The family of Kathleen Dehmlow, the Minnesota woman whose obituary was so, shall we say, honest, that it made international headlines, is speaking out about why they aired their family's dirty laundry in the most public way imaginable.
As previously reported by the Inquisitr, most obituaries amount to glowing dissertations on the high points of the deceased's life; or at the very least, they're platitudes about the deceased's career, their descendants, and so on. Not so for Kathleen Dehmlow. When she died, her surviving children instead chose to air her dirty laundry. The obituary pointed out her marital infidelity, claimed that she had abandoned her family, and broadly hinted that she was going to hell.
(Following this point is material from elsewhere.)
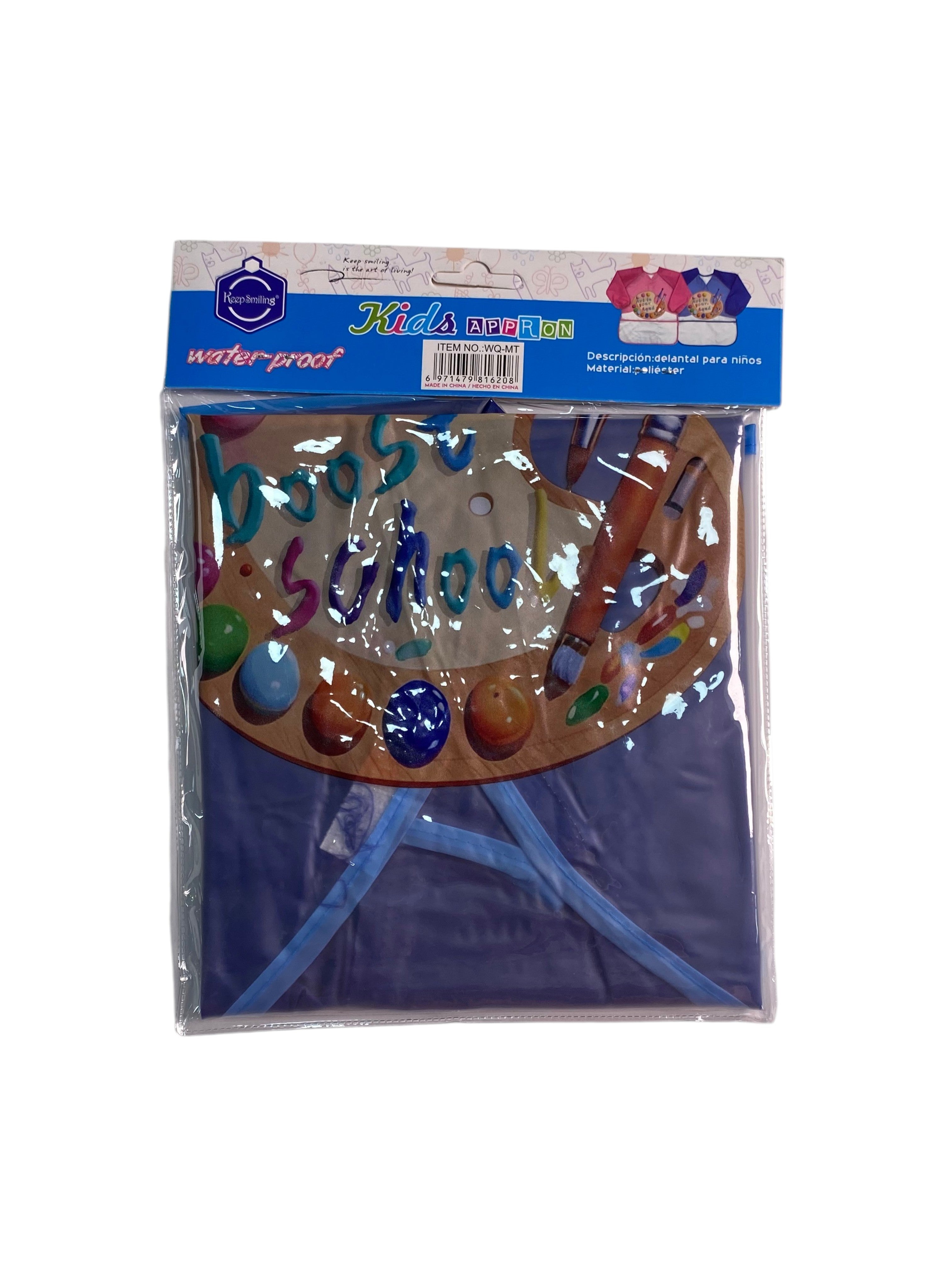 Kids Waterproof Art Apron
"She passed away on May 31, 2018… and will now face judgement."Needless to say, the obituary got international attention - and got itself deleted from obituary-hosting website Legacy.com.
Speaking to the Daily Mail, her son Jay Dehmalo, 58, explained why he and his sister, Gina, 60, took the more direct approach when publishing her obit in the Redwood Falls Gazette. The U.S. Army veteran and former professional boxer says that every word of it is true.
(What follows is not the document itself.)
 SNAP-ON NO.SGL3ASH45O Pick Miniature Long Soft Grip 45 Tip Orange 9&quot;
"You can't believe the dysfunction of the family. They'll never know what we went through but it helped us [to write this]. We wanted to finally get the last word."So complete was Dehmlow's abandonment of her family, says Jay - which included getting pregnant by her brother-in-law - that Dehmalo changed his name in order to distance himself from his mom. After Dehmlow abandoned her kids, says Jay, they were shuttled about from family to family before ultimately being taken in by relatives.
"You could write it all down in a book or turn it into a movie and people wouldn't believe what we went through."As it turns out, however, not everyone thinks the scathing obituary is particularly funny. As mentioned above, Legacy.com deleted the obit, and the Redwood Falls Gazette, which published the obituary, disavowed it in a tweet. Meanwhile, Kathleen's surviving sister, Judy, said that the obituary was "nasty" and "hurt the family."
"Why do people want to talk about it? It's not important."Reaction on social media has been equally mixed. Of course, Ms. Dehmlow isn't available to give her side of the story.
Controversy aside, Jay and Gina don't regret what they wrote.
"We knew there would be backlash but it really has helped us to finally get the last word."